Assigned task: Starting with the line that contains "85 Green Meadow Court", reproduce each line through the end of the entries exactly as written.

*** Material for the task Section Begins ***

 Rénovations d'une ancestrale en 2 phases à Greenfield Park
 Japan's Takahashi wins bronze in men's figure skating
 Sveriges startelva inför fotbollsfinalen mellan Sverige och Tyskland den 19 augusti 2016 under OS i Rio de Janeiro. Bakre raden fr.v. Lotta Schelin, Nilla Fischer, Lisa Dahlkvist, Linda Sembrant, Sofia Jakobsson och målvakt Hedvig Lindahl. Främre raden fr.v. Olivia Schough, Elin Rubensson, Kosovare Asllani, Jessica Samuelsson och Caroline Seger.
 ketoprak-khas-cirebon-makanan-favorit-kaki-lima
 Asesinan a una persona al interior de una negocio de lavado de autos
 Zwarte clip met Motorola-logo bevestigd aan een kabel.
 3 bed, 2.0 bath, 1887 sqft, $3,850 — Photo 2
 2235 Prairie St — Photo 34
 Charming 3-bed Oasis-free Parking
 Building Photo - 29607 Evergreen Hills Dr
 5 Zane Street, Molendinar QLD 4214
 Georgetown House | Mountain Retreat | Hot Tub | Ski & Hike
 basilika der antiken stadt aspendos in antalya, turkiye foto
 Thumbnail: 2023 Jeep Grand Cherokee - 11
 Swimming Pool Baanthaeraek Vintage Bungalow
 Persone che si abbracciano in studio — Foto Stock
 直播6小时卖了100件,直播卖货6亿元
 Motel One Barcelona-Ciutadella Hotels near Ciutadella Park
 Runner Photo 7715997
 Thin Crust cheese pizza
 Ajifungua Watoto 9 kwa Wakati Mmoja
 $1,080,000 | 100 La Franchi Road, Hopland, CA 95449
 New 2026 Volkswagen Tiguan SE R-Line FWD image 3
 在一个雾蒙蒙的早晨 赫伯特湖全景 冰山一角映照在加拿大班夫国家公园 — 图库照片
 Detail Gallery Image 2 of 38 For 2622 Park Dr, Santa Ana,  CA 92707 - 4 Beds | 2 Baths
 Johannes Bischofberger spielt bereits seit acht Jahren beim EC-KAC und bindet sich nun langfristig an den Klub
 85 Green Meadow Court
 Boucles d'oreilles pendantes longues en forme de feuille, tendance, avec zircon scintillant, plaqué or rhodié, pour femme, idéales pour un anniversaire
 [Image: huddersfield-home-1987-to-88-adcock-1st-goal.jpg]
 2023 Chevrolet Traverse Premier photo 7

*** Material for the task Section Ends ***

Response area:
 85 Green Meadow Court
 Boucles d'oreilles pendantes longues en forme de feuille, tendance, avec zircon scintillant, plaqué or rhodié, pour femme, idéales pour un anniversaire
 [Image: huddersfield-home-1987-to-88-adcock-1st-goal.jpg]
 2023 Chevrolet Traverse Premier photo 7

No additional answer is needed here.